Рисунки настолько своеобразны, что послужили материалом для книги современного беллетриста. В своей повести «Художник неизвестен» В. Каверин так говорит о Филонове, бессознательно нащупывая пути к «одноглазию» Бурлюка: «Если нажать пальцем на яблоко глаза, — раздвоится все, что он видит перед собой, и колеблющийся двойник отойдет вниз, напоминая детство, когда сомнение в неоспоримой реальности мира уводило мысль в геометрическую сущность вещей. Нажмите — и рисунки Филонова, на которых вы видите лица, пересеченные плоскостью, и одна часть темнее и меньше другой, а глаз, с высоко взлетевшей бровью, смотрит куда-то в угол, откуда его изгнала тушь, станут ясны для вас. Таким наутро представился мне вечер в ТУМе. Каждое слово и движение как бы прятались за собственный двойник, который я видел сдвинутым зрением, сдвинутым еще неизвестными мне самому страницами этой книги»[403].
Текст книги «Про́певень о про́росли миро́вой» написан самим Филоновым. Это драматизированная «Песнь о Ваньке Ключнике» и «Пропевень про красивую преставленницу». Написаны они ритмованной сдвиговой прозой (в духе рисунков автора) и сильно напоминают раннюю прозу Хлебникова.
Вот несколько строк из этой книги:
В кровь переливает струями гостя и бредит ложномясом …
… еым елом въели опинаются медым ясом…
Утопает молчалив утопатель…
Промозжит меч… полудитя рукопугое…
Вообще, мрачного в тогдашних произведениях и в тогдашней жизни Филонова — хоть отбавляй.

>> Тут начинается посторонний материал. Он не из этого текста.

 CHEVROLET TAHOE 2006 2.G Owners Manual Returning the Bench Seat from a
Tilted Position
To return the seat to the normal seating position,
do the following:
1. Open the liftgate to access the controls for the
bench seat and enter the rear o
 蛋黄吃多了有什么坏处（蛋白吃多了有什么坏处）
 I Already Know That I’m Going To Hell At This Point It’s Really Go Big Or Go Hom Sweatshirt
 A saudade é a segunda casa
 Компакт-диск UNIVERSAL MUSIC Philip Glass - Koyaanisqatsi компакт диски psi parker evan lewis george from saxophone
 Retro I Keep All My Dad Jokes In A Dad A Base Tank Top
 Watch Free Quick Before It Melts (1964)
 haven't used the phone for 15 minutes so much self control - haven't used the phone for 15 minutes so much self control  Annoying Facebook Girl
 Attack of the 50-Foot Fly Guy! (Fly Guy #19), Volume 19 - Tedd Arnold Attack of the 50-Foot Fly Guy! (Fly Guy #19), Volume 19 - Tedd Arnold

Особенно запомнился мне такой случай. Филонов, долго молчавший, вдруг очнулся и стал говорить мне, будто рассуждая сам с собой:
— Вот видите, как я работаю. Не отвлекаясь в стороны, себя не жалея. От всегдашнего сильного напряжения воли я наполовину сжевал свои зубы.
Я вспомнил строку из его книги:
— А зубы съедены стройные[404].
Пауза. Филонов продолжал:
— Но часто меня пугает такая мысль: «А может, все это зря? Может, где-нибудь в глубине России сидит человек с еще более крепкими, дубовыми костями черепа, и уже опередил меня? И все, что я делаю, — не нужно?!»
Я утешал его, ручался, что другого такого не сыщется. Но, видно, предчувствия не обманули Филонова: время было против него. Филонов — неприступная крепость, — «в лоб» ее взять было невозможно. Но новейшая стратегия знает иные приемы. Крепостей не берут, возле них выставляют заслон и обходят их. Так случилось с Филоновым. В наше время его — крепость станковизма — обошли. Его заслонили плакатами, фотомонтажом, конструкциями[405], и Филонова не видно и не слышно.
После войны я не встречался с Филоновым[406] и мало знаю о его жизни и работах, но они мне рисуются именно таким образом: в его лице погибает необычайный и незаменимый мастер живописного эксперимента.